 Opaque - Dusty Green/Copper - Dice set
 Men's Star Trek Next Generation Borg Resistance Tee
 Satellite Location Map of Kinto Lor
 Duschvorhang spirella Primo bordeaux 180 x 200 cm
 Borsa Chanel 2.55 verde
⁂
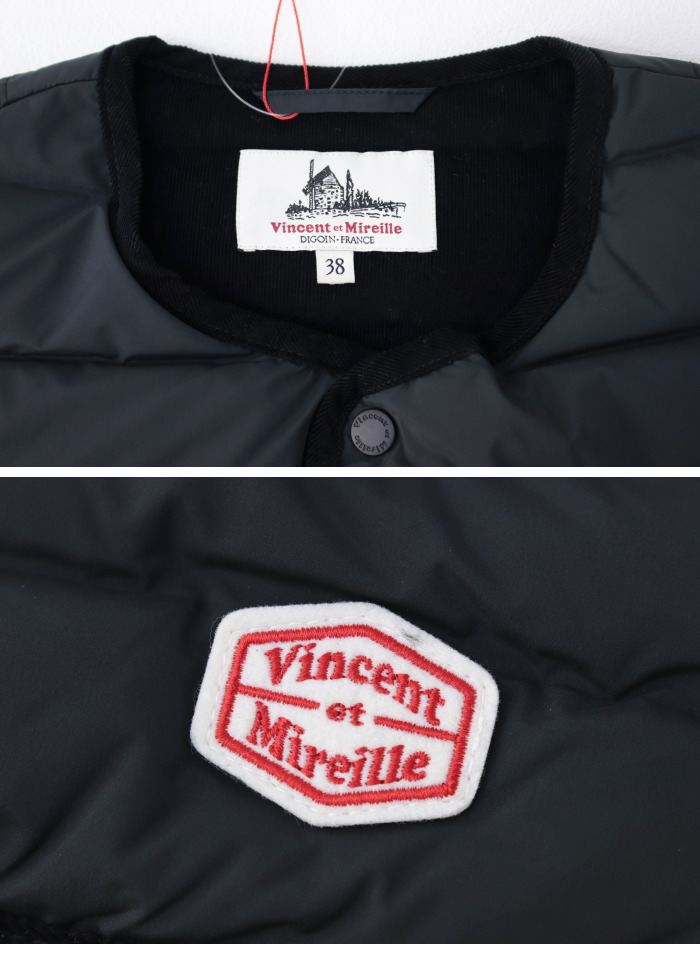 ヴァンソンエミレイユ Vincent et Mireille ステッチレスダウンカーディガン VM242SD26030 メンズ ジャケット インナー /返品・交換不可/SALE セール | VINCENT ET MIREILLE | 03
⁂
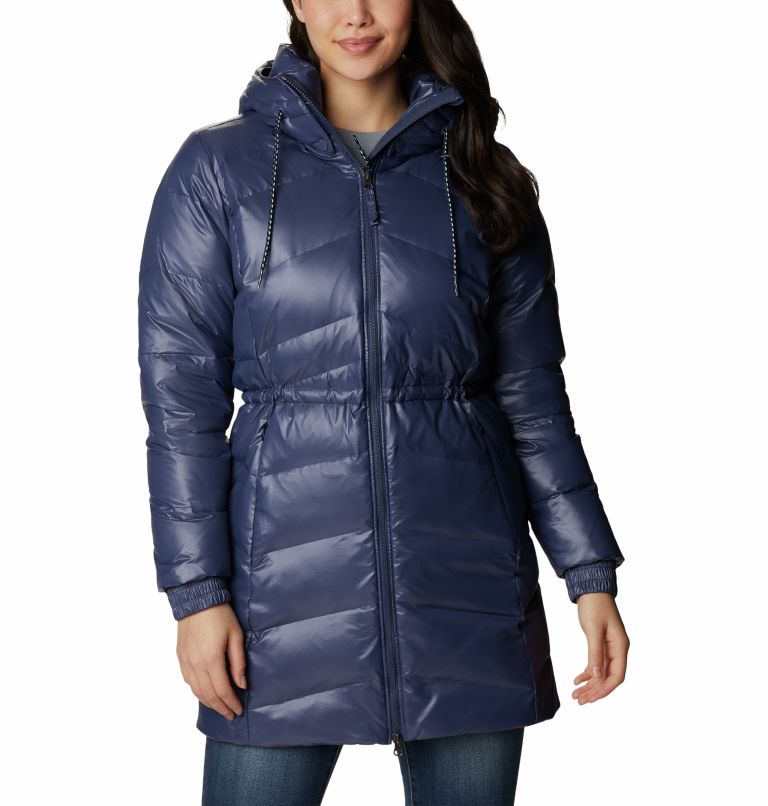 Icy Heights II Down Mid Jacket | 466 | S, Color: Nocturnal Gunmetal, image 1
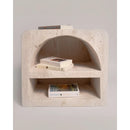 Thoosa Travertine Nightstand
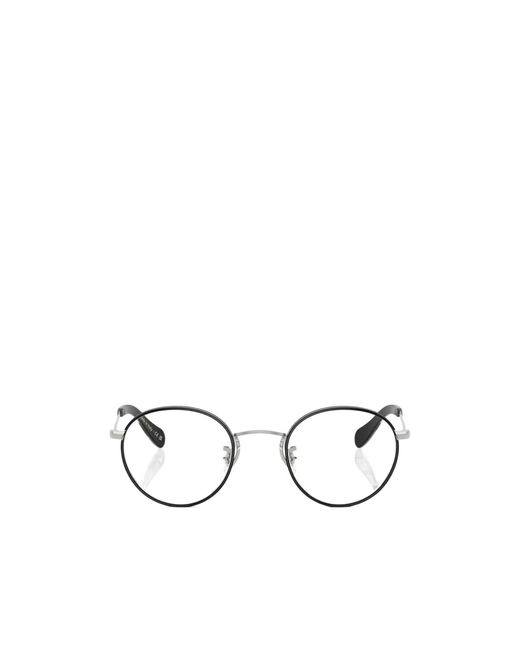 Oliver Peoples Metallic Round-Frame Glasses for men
⁂
- Work required -
Given the records above, return the lines starting at the one that holds "Thoosa Travertine Nightstand" and ending at the one that holds "Oliver Peoples Metallic", exactly, and nothing besides; leave every picture out.

- Exercise answer -
 Thoosa Travertine Nightstand
 Oliver Peoples Metallic Round-Frame Glasses for men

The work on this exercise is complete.